The study uses high-resolution minute-based granularity wind speed data measured by a R.M. Young (05103 or 03001) anemometer instrument. These data were downloaded (http://www.sauran.ac.za) (accessed on 15 December 2022) from Richtersveld (RVD), Central University of Technology (CUT), and University of Pretoria (UPR) radiometric stations in South Africa. The CUT station is located on the roof of a building at the CUT university, in the Free State province, at latitude −29.121337, longitude 26.215909, and an elevation of 1397 m. The RVD station is located in the desert region of the Northern Cape at latitude −28.56084061 and longitude 16.76145935, with an elevation of 141 m. The UPR station is located on the roof of a building at the University of Pretoria, in the Gauteng province, at latitude −25.75308037, longitude 28.22859001, and an elevation of 1410 m. We deliberately selected the stations to test how robust the proposed modelling and prediction approach would be under varying weather conditions.
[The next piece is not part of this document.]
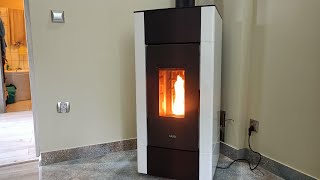 Piec kominek na pellet z dystrybucją DGP Cadel Cristal PLUS 9kW kominek pellet piecyk stove [upl. by Kunz]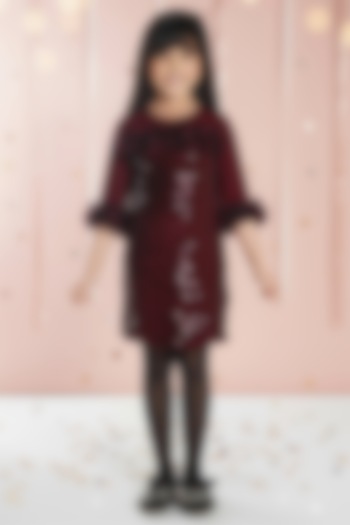 Maroon Net Sequin Embroidered Midi Dress For Girls by Ministitch at Pernia's Pop Up Shop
To our knowledge, a study of this type has not been conducted at these three Southern African Universities Radiometric Network (SAURAN) stations.

1.2. Overview of Related Studies

Several forecasting methods, including physical methods, statistical methods, hybrid models, and machine learning techniques, have been applied in an attempt to accurately forecast wind speed (see e.g., [5,10,11,19,20,21,22,23,24]). Although physical models (e.g., numerical weather prediction (NWP)) can effectively predict atmospheric dynamics, they have many limitations, including the use of a large amount of numerical weather data and the need for large computational time [2], which is costly and beyond the reach of a developing country such as South Africa. These methods are often reserved for medium- to long-term forecasting [7].
Statistical methods, on the other hand, make use of historical wind speed time series data to construct time series models, such as the linear autoregressive moving average (ARMA) model [2,4]. These models are generally reserved for capturing short-time phenomena [25,26,27,28]. For instance, ref. [15] presented an ARMA model to predict wind speed. The ARMA model was able to represent the actual features of wind speed. However, the ARMA model does not directly take into account changes in other related random variables or other exogenous variables. In essence, ARMA captures only a linear relationship, and it is generally suited to establishing a low-order time series model. To circumvent the nonstationarity inherent in the data, ARMA models have been extended to ARIMA models [29,30], seasonal ARIMA (SARIMA) models [31,32], and multiple linear regression coupled with SARIMA (SARIMAX) models, i.e., SARIMA models with exogenous variables [33].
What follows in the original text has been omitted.